A3: 財産分与とは、離婚に際して夫婦が共同で築いた財産(共有財産)を公平に分配することです。現金、不動産、車、株式などが対象となります。家の名義が夫になっている場合でも、実質的共有財産として財産分与の対象になる場合もあります。

Q4: 親権はどのように決められますか?
A4: 親権は、子供の利益を最優先に考えて決められます。親権者の決定は、協議離婚の場合は夫婦間の話し合いで、調停や裁判の場合は家庭裁判所が判断します。

Q5: 養育費の計算方法は?
A5: 養育費は、親の収入や生活費、子供の年齢や必要な教育費用などを考慮して決定されます。標準的な計算方法として、養育費算定表が用いられることが多いです。子供の年齢が20歳まで払われるのが実務ですが、子供を大学に進学させることが夫婦の一致した考えであった場合などは大学卒業までの養育費が払われることもあります。

Q6: 離婚における慰謝料とは何ですか?
A6: 慰謝料とは、離婚に伴う精神的苦痛に対する賠償金です。不貞行為や暴力などが原因で離婚する場合に、加害者側が被害者側に支払うことが一般的です。不貞の場合の慰謝料相場は50万円から300万円程と幅広くなっています。不貞の悪質さ、婚姻期間の長さ、子供の有無、離婚に至ったか、反省の程度など様々な要素から判断するためです。

Q7: 離婚後の面会交流はどのように決められますか?
A7: 離婚後の面会交流については、親権者と非親権者の間で協議して決めます。合意が難しい場合は、家庭裁判所の調停や裁判で面会交流の具体的な日時や頻度が決定されます。

Q8: 離婚に伴う税金や年金の手続きはどうなりますか?
A8: 離婚に伴う税金や年金の手続きについては、財産分与や慰謝料に対する税金、年金分割の手続きなどがあります。具体的な手続きについては、税理士や年金事務所に相談すると良いでしょう。

Q9:離婚後、氏はどうなりますか。
A9:婚姻時に氏を変更した側は、離婚をすると、原則として氏は旧姓に戻ります。離婚後3か月以内に届出をすることで、婚姻時の氏を名乗り続けることができます。

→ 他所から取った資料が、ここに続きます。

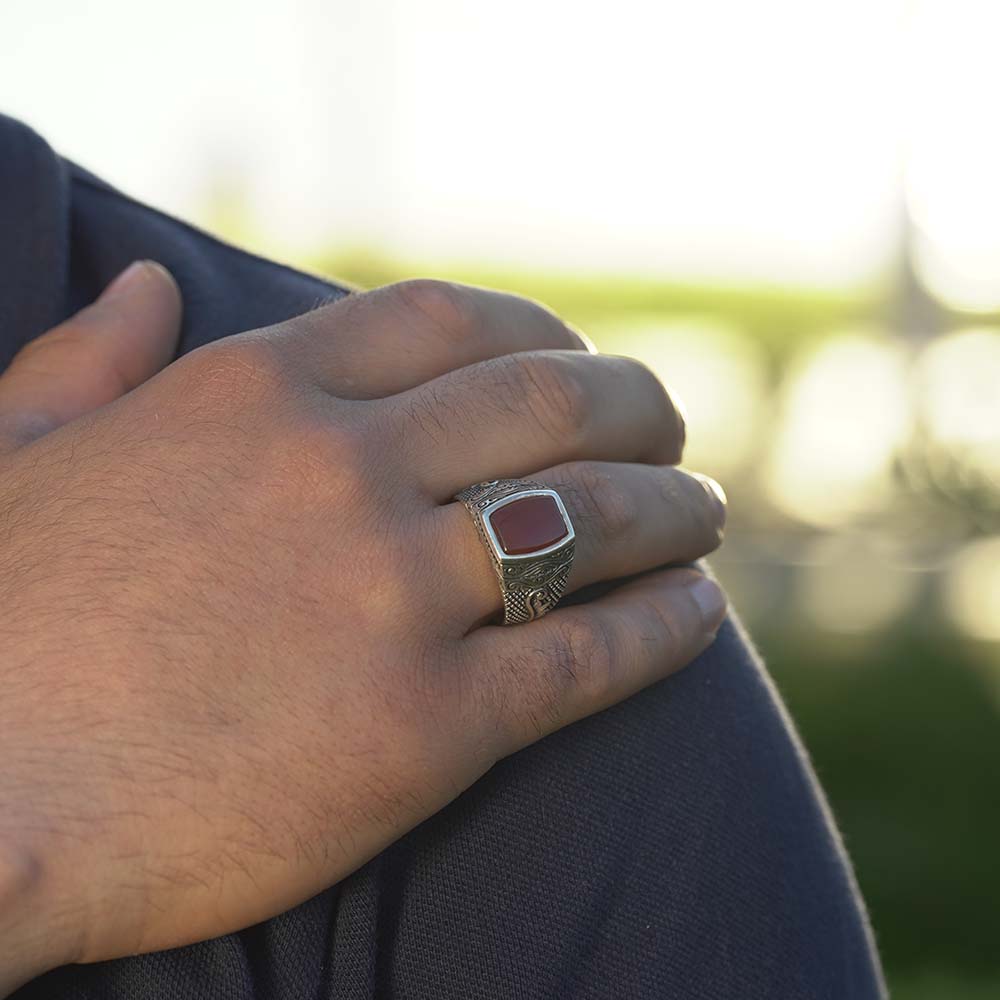 Agate Stone 925 Sterling Silver Ring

Q10: 離婚において有責配偶者からの離婚請求は認められますか?
A10: 有責配偶者(浮気や不貞など、離婚の原因を作った側)からの離婚請求は、一般的に認められにくいです。しかし、幼い子供がいない、長期間(目安4,5年)別居しているなど特定の条件を満たす場合、裁判所が離婚を認めることもあります。

Q11: 離婚の際、弁護士を雇う必要はありますか?
A11: 協議離婚の場合、弁護士が必須ではないことが多いですが、調停や裁判になると専門的な知識が必要になります。また、財産分与や養育費、慰謝料などの交渉で複雑な問題が発生する場合には、弁護士を依頼することが有効です。

Q12: 離婚後の配偶者が再婚した場合、養育費はどうなりますか?
A12: 一般的に、離婚後に元配偶者が再婚しても、養育費の支払い義務は変わりません。養育費は子供の生活を支えるためのものであり、子供の親である限り、再婚したとしてもその責任は続きます。ただし、再婚相手が養子縁組を行った場合には状況が変わることがあります。

Q13: DVが理由で離婚を考えています。どんな手続きが必要ですか?
A13: DV(ドメスティック・バイオレンス)が理由で離婚を検討している場合、まず安全を確保することが最優先です。家庭裁判所に対して保護命令を申請し、必要に応じて避難場所を確保します。その後、調停や裁判を通じて離婚手続きを進めることが推奨されます。弁護士に相談し、専門的な支援を受けることが重要です。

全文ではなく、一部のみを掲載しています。